Bukan Sengketa, Tapi Peluang: Warga Kawasi–Soligi Raup Untung dari Kesepakatan Lahan

Editor: Admin
Sumber foto Akses News

HALMAHERA SELATAN — Narasi pembebasan lahan di Pulau Obi, Kabupaten Halmahera Selatan, tak selalu identik dengan konflik. Sejumlah warga di Desa Kawasi dan Soligi justru mengisahkan perubahan hidup yang signifikan setelah menjual lahan mereka melalui proses yang disebut berlangsung transparan dan berdasarkan kesepakatan.

Salah satunya Madina Jouronga (55), warga Kawasi, yang kini sukses menjalankan usaha transportasi laut. Ia membeli kapal motor “Akelamo Jaya” dari hasil penjualan lahannya di Akelamo.

“Speedboat ini saya beli dari hasil jual lahan. Saya kasih nama Akelamo Jaya supaya ingat asalnya,” ujarnya.

Bersama anaknya, Madina kini melayani rute Kawasi–Bacan. Dalam sekali perjalanan, ia bisa meraup hingga Rp10 juta, dengan penghasilan bulanan mencapai Rp40 juta.

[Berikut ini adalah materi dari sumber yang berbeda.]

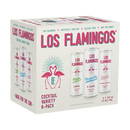 Los Flamingos Cocktail Variety Pack - 6 x 355mL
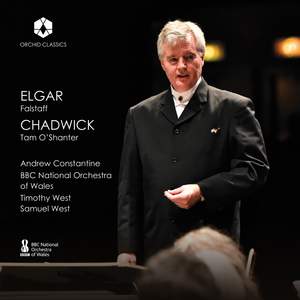 Elgar: Falstaff & George Whitfield Chadwick: Tam O’Shanter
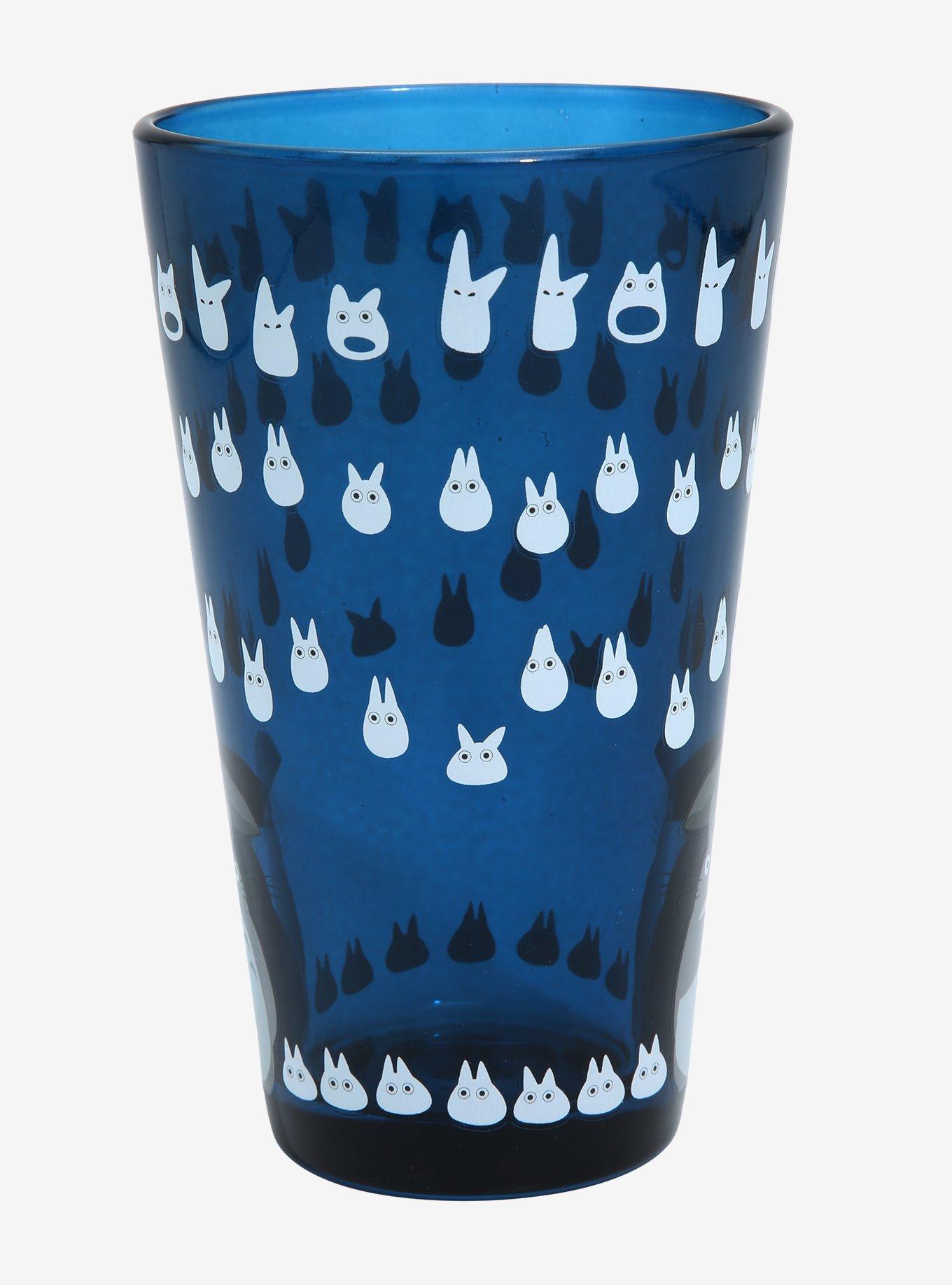 Studio Ghibli My Neighbor Totoro Umbrella Pint Glass - BoxLunch Exclusive, , alternate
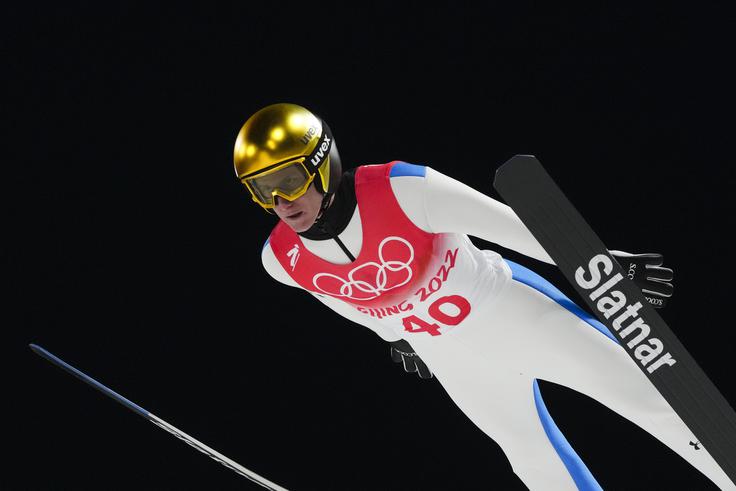 V kvalifikacijah je dobro razprl krila. | Foto: Guliverimage/Vladimir Fedorenko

“Perusahaan tidak memaksa. Saya jual karena memang mau jual,” katanya.

Cerita serupa datang dari Nur Eneng Rahmat (33), yang kini mengembangkan usaha rumah kos di kawasan permukiman baru Kawasi. Ia menyebut proses pembebasan lahan dilakukan terbuka, mulai dari pengukuran hingga negosiasi harga.

“Tim perusahaan datang menjelaskan, lalu lahan diukur bersama dan harga disepakati,” jelasnya.

Dari hasil penjualan lahan, Nur Eneng kini memiliki 10 kamar kos aktif dengan tarif Rp1,5 hingga Rp2 juta per bulan, dan tengah menargetkan pengembangan hingga 30 kamar.

“Menurut saya ini bukan ganti rugi, tapi ganti untung,” ujarnya.

Di Desa Soligi, Siti Aminah (52) juga mengaku menjual lahannya untuk pembangunan bandara tanpa tekanan. Ia memanfaatkan hasil penjualan tersebut untuk membangun rumah dan membuka usaha kios.

“Kalau tidak mau jual juga tidak dipaksa. Ini murni kesepakatan,” katanya.

Sementara itu, Ade Ahmad (50) menggunakan hasil penjualan lahannya untuk membangun rumah, menabung, hingga mempersiapkan keberangkatan haji pada 2028.

“Manfaatnya besar buat saya dan keluarga,” ucapnya.

Pihak perusahaan, Harita Nickel, menegaskan bahwa proses pembebasan lahan dilakukan dengan prinsip transparansi dan tanpa paksaan.

Land Data Management & Advocacy Manager Harita Nickel, Ary Pratama, menyatakan seluruh tahapan melibatkan masyarakat dan pihak terkait.

“Pembebasan lahan dilakukan secara transparan dan berdasarkan kesepakatan bersama,” ujarnya.

Ia menambahkan, masyarakat diberikan pemahaman sejak awal terkait mekanisme, nilai lahan, hingga proses yang berjalan.

Kini, perubahan mulai terasa di Kawasi dan Soligi. Dari sektor transportasi hingga usaha kos dan kios, warga memanfaatkan peluang ekonomi baru yang muncul seiring pembangunan di Pulau Obi.

Bagi mereka, pembebasan lahan bukan sekadar transaksi, melainkan awal dari transformasi kehidupan menuju masa depan yang lebih baik.